Introduction

My name is Benjamin Lanin, but most people call me Ben. I’m a professional writer. I write books and long-form essays, because long-form writing is what I most like to read, but I also write whatever someone is willing to pay me for, because I’m a professional, and I do what it takes to make “professional” true.

I write on a variety of topics. Recently, I’ve written a lot about energy flow in the body, my practices as a writer, and the imbalances that are so clearly afflicting our society. I’ve also written a lot about tennis. I like tennis.

In addition to writing, I also coach (writers and otherwise), specializing in freeing up blocked energy. Over the years, I’ve developed (or stolen) some very specific techniques for dealing with those blocks. If you’re blocked, I can probably help.

What you see here on Free Refills is, substantially, the fruit of my own practice as I’ve learned to deal with and move through blocks.

Let’s Start Here

When I started coaching Jerry on his writing, I taught him zero-drafting, and I gave the particular advice not to sweat the beginning too much. Writing is a body practice, I told him. The simple act of physically beginning to write will move you toward where you need to go. I said, “Just write, ‘You have to begin somewhere, so let’s start here,’ or something, and see what follows.”

When he handed me the first pages of his first zero draft, the first words were, “Let’s start here.” I laughed. Seeing them written out, I was struck by how delightfully inviting they are, and how incantatory as well. They move things forward.
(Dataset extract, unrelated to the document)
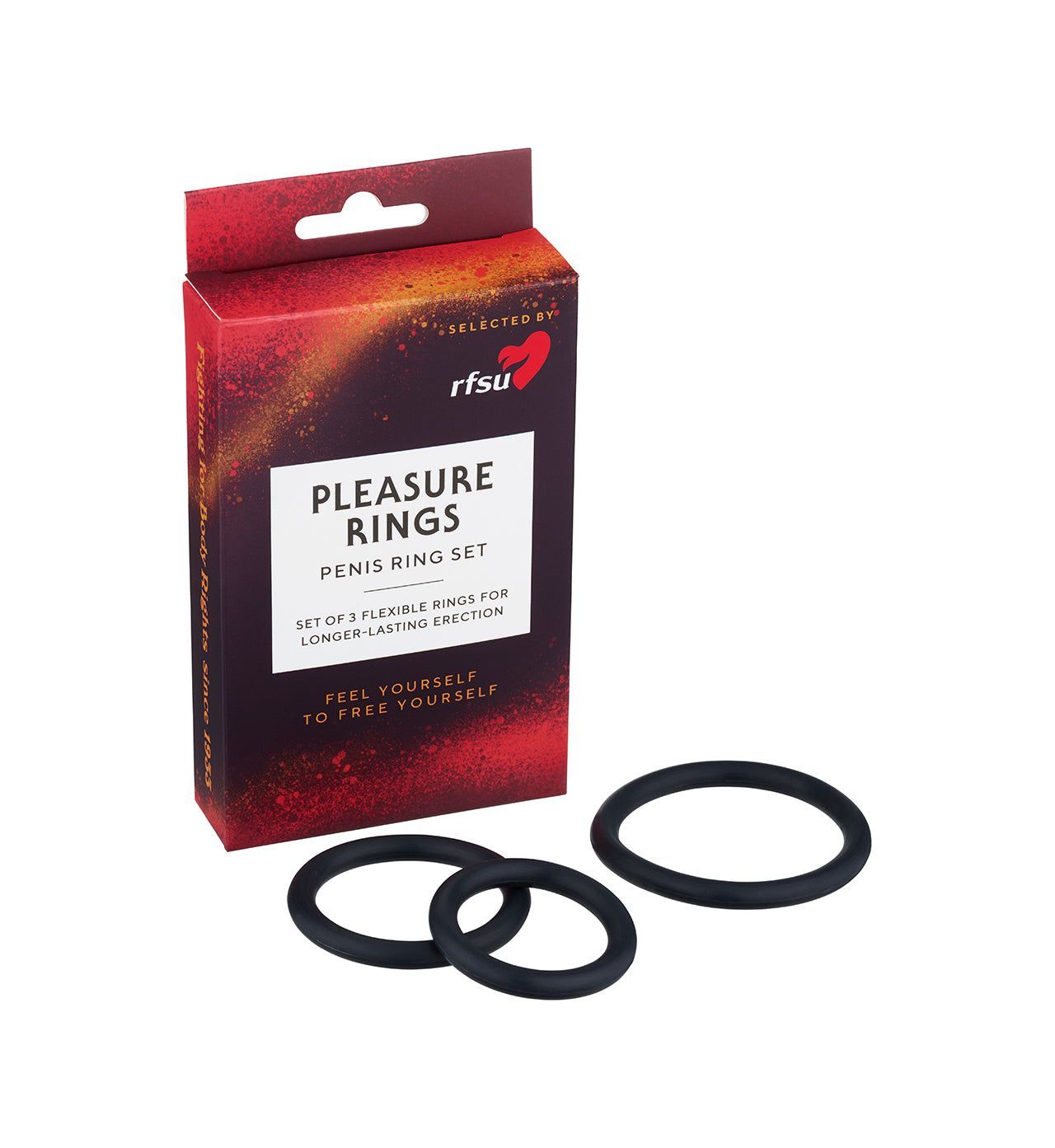 RFSU Pleasure Rings Penisrenkaat; punainen suorakulmainen laatikko tekstillä "Pleasure Rings Penis Ring Set" pystyssä valkoisella mattapinnalla; kolme mustaa silikonirengasta eri halkaisijoin mattapintaisina laatikon vieressä; etikettiteksti lihavoitua valkoista groteskia; ei ihmisiä tai käsiä.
You have to start somewhere.

Let’s start here.

(From TTW) Bringing TTW to Fruition

(For a little background on what I mean by fruition, please see my Free Refills from Tuesday and Wednesday.)

Jerry and I started publishing pieces for the Training Tiger Woods project on the autumn equinox of 2015. (Energetically, probably more a Planting-a-Seed action than a Harvesting action, but an auspicious day for beginning nonetheless.) We’ve now published seven seasons of work here.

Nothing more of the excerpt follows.